You might consider using NSData’s +dataWithContentsOfMappedFile: method. This will memory-map the file rather than reading it all in, which will allow the OS to stream the data into memory as you access it. If your access patterns are good (i.e. you read the data from beginning to end in order), this can speed things up significantly because the hard drive can be reading chunk N+1 while you’re processing chunk N. It also will make your app use less memory if it doesn’t touch the entire file.
Remember that, almost all the time, accessing a file randomly is slower than reading it sequentially.
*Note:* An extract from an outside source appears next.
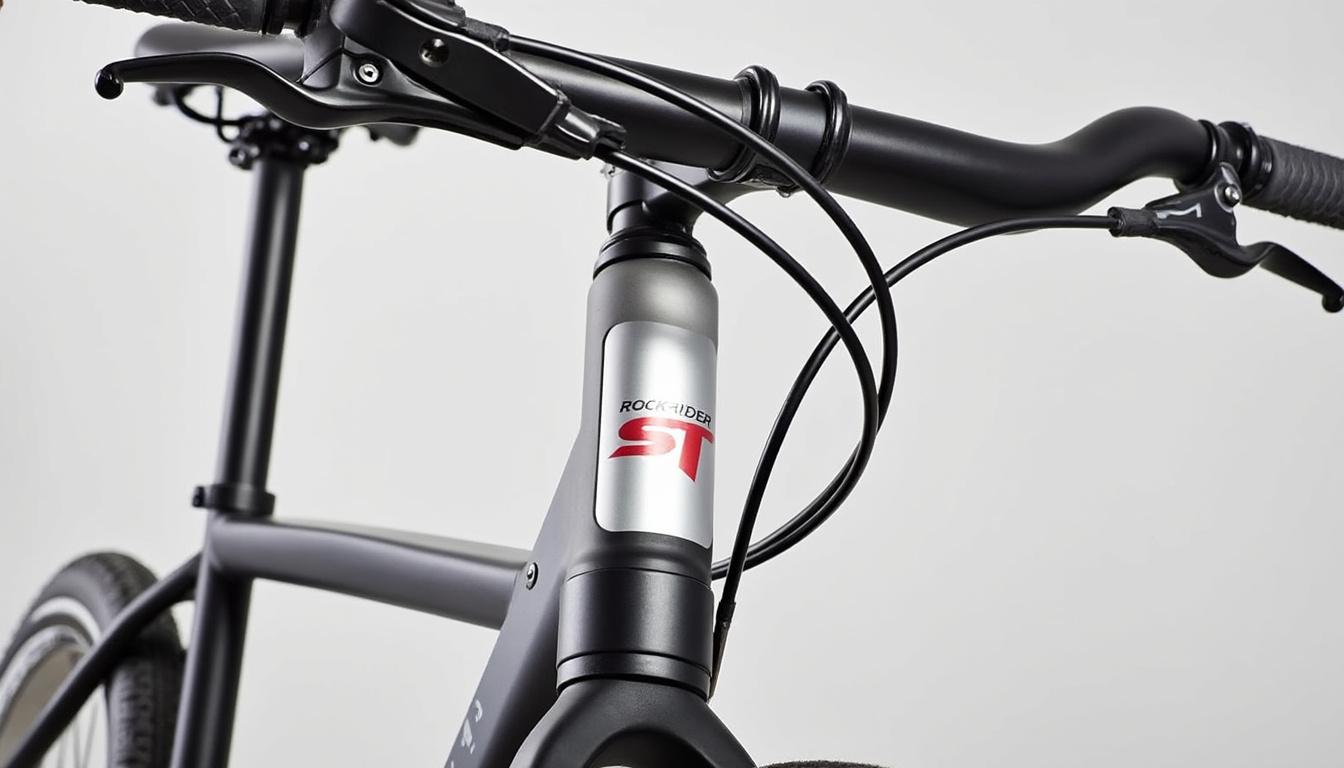 découvrez les avantages inégalés du vélo rockrider st 520 pour optimiser vos sorties sportives. conçu pour offrir confort, performance et durabilité, ce modèle vous garantit une expérience cycliste exceptionnelle, que vous soyez débutant ou expérimenté. explorez de nouveaux horizons avec aisance et style grâce à ce vélo polyvalent.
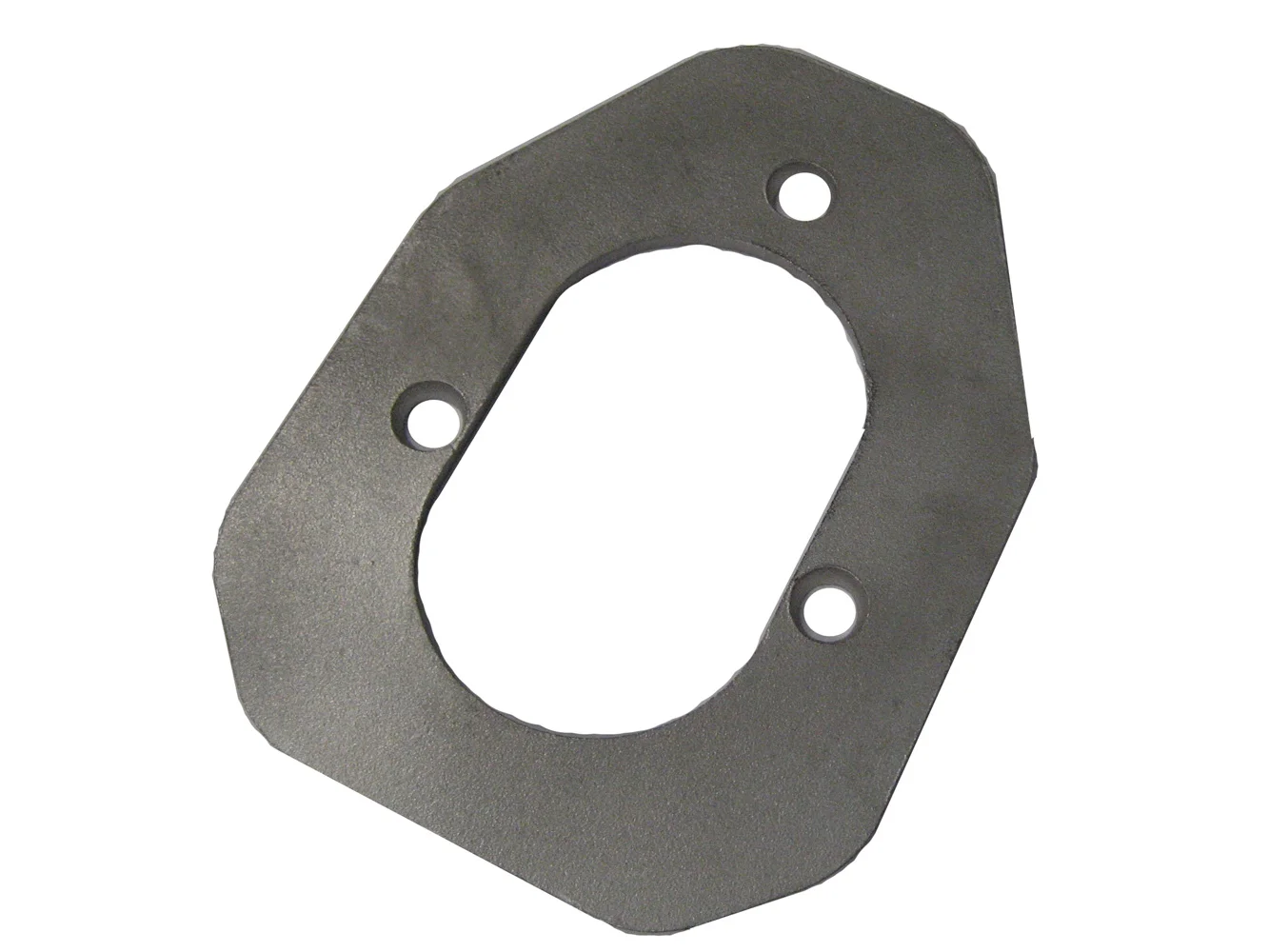 C.E. Smith Backing Plate f/70 Series Rod Holders rh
There are two reasons why you might still want to use random access:
The file is potentially very large (in which case, I beleive the memory mapped file as suggested would still be a great solution and 3Megs aren’t all that big these days).
You only need a very small part of the file and you know exactly where it is in the file.
For most applications, what you are doing is probably very adequate.
One other thing, if you’re running in 32-bit mode (and as of this writing, all Cocoa code is in 32-bit mode, 64-bit apps can’t use any Objective-C), then none of these techniques will work for extremely large files, greater than approximately 2-3GB in size, because you’ll run out of memory address space. This doesn’t sound like an issue for the original poster, but it’s worth mentioning.
Note that Apple specifically recommends file mapping as a technique for getting around 32-bit limitations: you just map the part of the file you’re writing/reading (and unmap it immediately afterwards). The memory manager of the OS, which is 64-bit, heavily caches the file, so it won’t be actually written to disk (unless there’s not enought memory available, in which case it would be paged out to disk anyway). That way, you can have more than 2GB in memory while only having 2GB adress space. Just found that interesting.
An incredibly minor and mostly irrelevant nit: on Mac OS X, a 32-bit process’s address space is 4GB, not 2GB as commonly found on other OSes.